Durham is the place where I bought some of my first records – from Musicore at the bottom of North Road. If I’m trying to be cool I’d claim that they were all by The Smiths and New Order but I was also a big fan of ABBA and ELO, and if I’m being honest, I still am. 

It’s also where I ended up studying, at New College and the university. 

I have never thought of Durham as a place where you could find lots of private sector jobs, however. When I was at school in the 1980s the careers adviser told us that Durham was the place to be if you sought work in the public sector.

County Hall and the Passport Office are still among the city’s biggest employers. In that sense Durham’s economy with its continued dependence on local authority and government jobs is the North-East economy in microcosm. 

Durham is a tourist hotspot with an historic market. It’s a great place to trawl around some traditional boozers. It has one of the world’s great universities, and cobbled streets leading to historic treasures, but it
would be a mistake to think that this is a city frozen in time.

In recent years residents and regular visitors have become accustomed to seeing industrial cranes soar overhead and hearing the steady thrum from building activity from developments, including Freeman’s Reach, Milburngate House, and the Gates. 

Cultural events, such as Lumiere and the flourishing Miners’ Gala, are powerful reminders that this is a city capable of making its presence felt around the world.

It’s not all sweetness and light. Walk across the city and and you will find plenty of people sat on the pavement begging for money. North Road - the street which is the gateway for most people who walk into Durham from the railway station - looks very down at heel. It's a sharp sign for newcomers to the city that if the view from the train made you think you'd arrived at a scaled-down version of Oxford, Cambridge or York then you are very much mistaken. Durham suffers many of the economic problems which continue to blight much of our region: food poverty, unemployment, low wages, and an alamrming lack of opportunities for young people.    
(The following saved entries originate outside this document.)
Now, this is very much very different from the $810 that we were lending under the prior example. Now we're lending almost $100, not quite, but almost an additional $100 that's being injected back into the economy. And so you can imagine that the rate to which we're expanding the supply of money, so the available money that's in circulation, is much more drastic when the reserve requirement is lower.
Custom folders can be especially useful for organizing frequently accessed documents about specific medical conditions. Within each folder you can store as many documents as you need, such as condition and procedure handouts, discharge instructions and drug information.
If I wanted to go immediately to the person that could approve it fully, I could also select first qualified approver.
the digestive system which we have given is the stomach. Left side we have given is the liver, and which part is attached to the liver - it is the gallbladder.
The savagery of the Government’s austerity programme means that all councils have been forced to axe jobs and services. As the public sector shrinks one of the big questions facing County Durham is where will its children work 10 or 20 years from now? 

There is a growing risk of a brain drain that forces the brightest minds to move away to secure decent salaries. It’s a bit of Catch 22 scenario – local people don’t stay because there aren’t enough good jobs to go around and firms don’t move here because the most employable people have shifted elsewhere. 
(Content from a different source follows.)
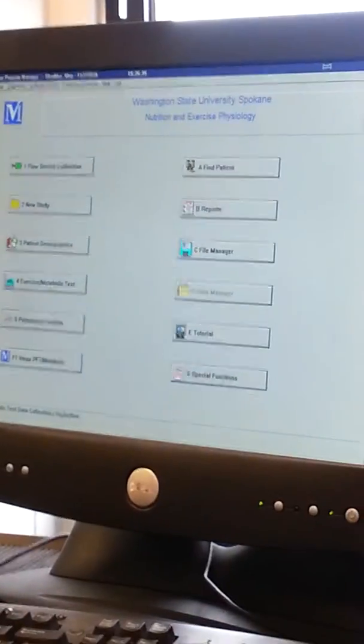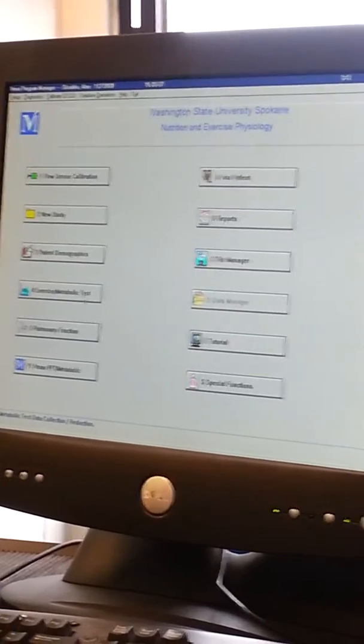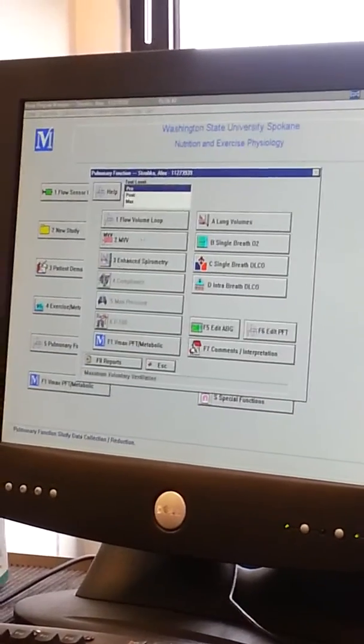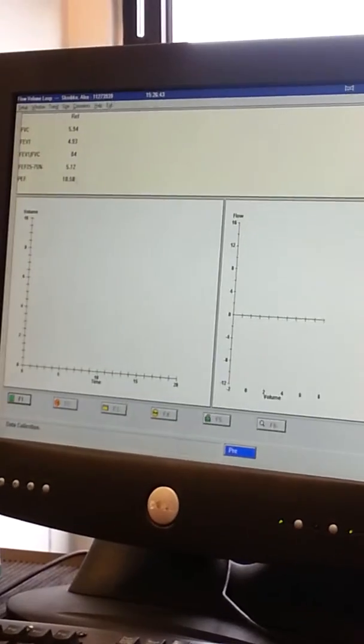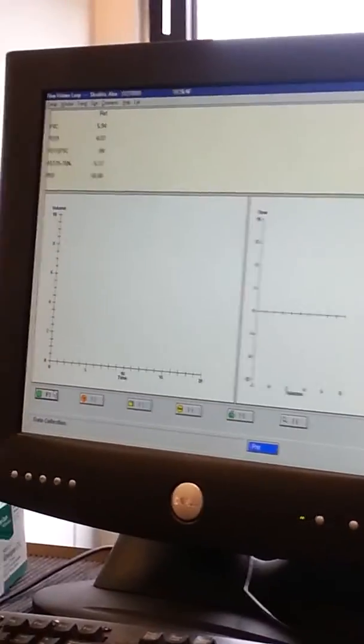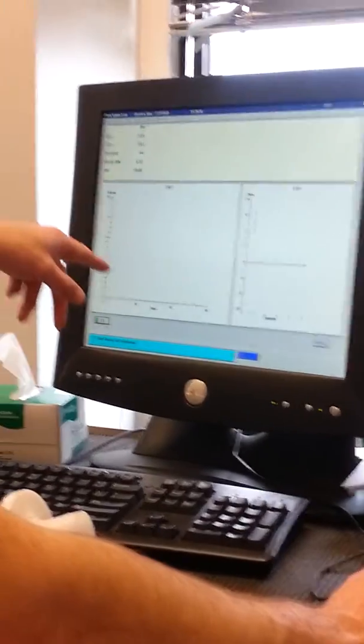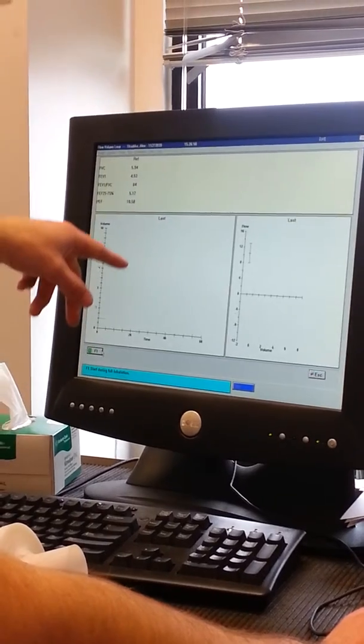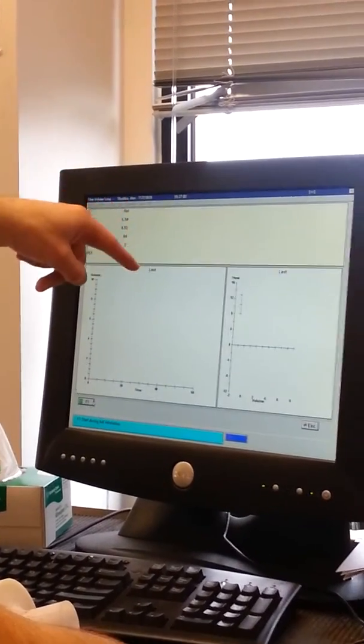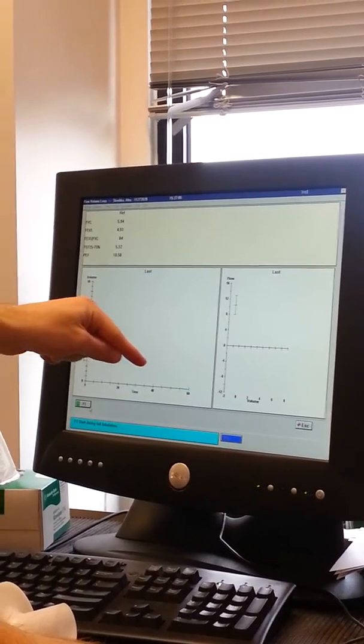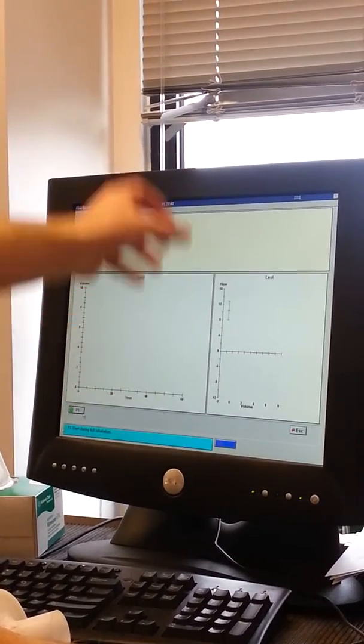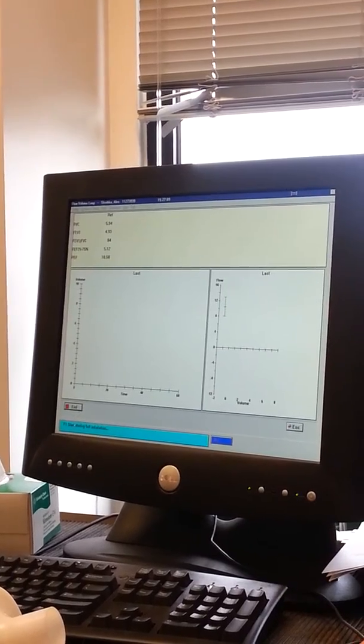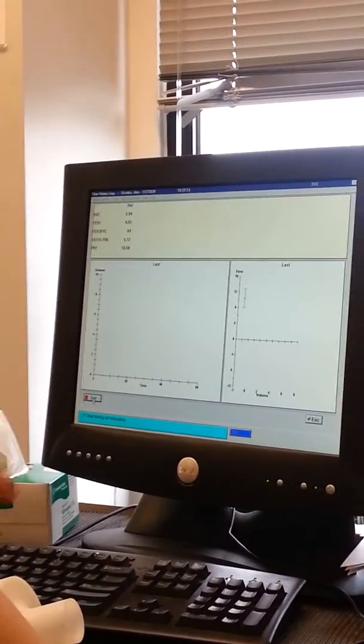Alright Alex, okay. So first things first about the breathing test - you push this to start the test. When the person's breathing, it's gonna show them breathing. This is gonna light up saying 'in test.' Perfect.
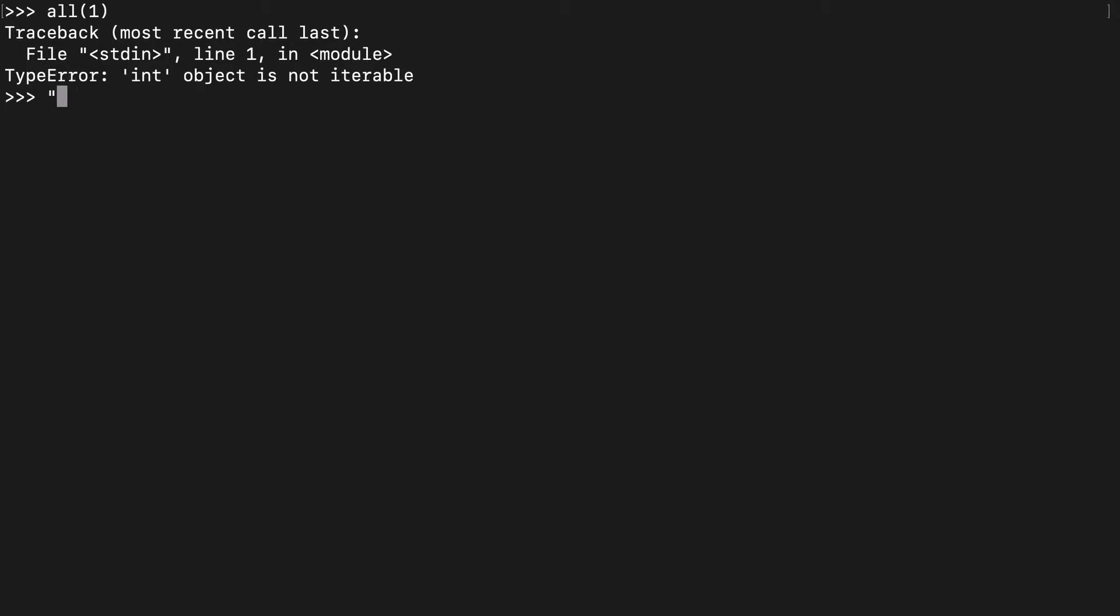But if we call the all function on a string, you'll see that not only does it not fail, but it returns true because it's actually iterating over the string. It's almost like H equals true, E equals true, Y equals true. And so in total, it's returning true.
There have been some recent examples, such as Atom Bank and investments on the Netpark site at Sedgefield, which buck the trend but we need to create more good jobs as well as a sustainable plan to help bring them here.

Proposals for a business quarter centred around Aykley Heads may alarm readers who would prefer Durham stays as it is or turn back the clock. I respect anyone who fights to protect the city’s unique character
and heritage but proposals that could see County Hall become the site for a vibrant business hub, and a new history centre to host the county archive and help tell the story of the region, sound like steps in the right direction.

If Durham doesn’t move with the times then it will ossify and that would be disastrous not just for the city but for the towns and villages which surround it. 

The proposal to attract up to 6,000 new private sector jobs is bold, visionary and exciting. At the moment it consists of plans backed
by some detailed, independent research. There is a long way to go but Durham’s winning mix of transport links, an attractive setting and top university suggest it has a better chance of success than the ‘build
it and they will come’ approach you see at some business parks.

The city could become one of the North’s key centres of employment. If it all goes to plan then in a few years from now those train travellers who’ve hitherto declined to alight at Durham might be compelled to get off and see what all the fuss is about.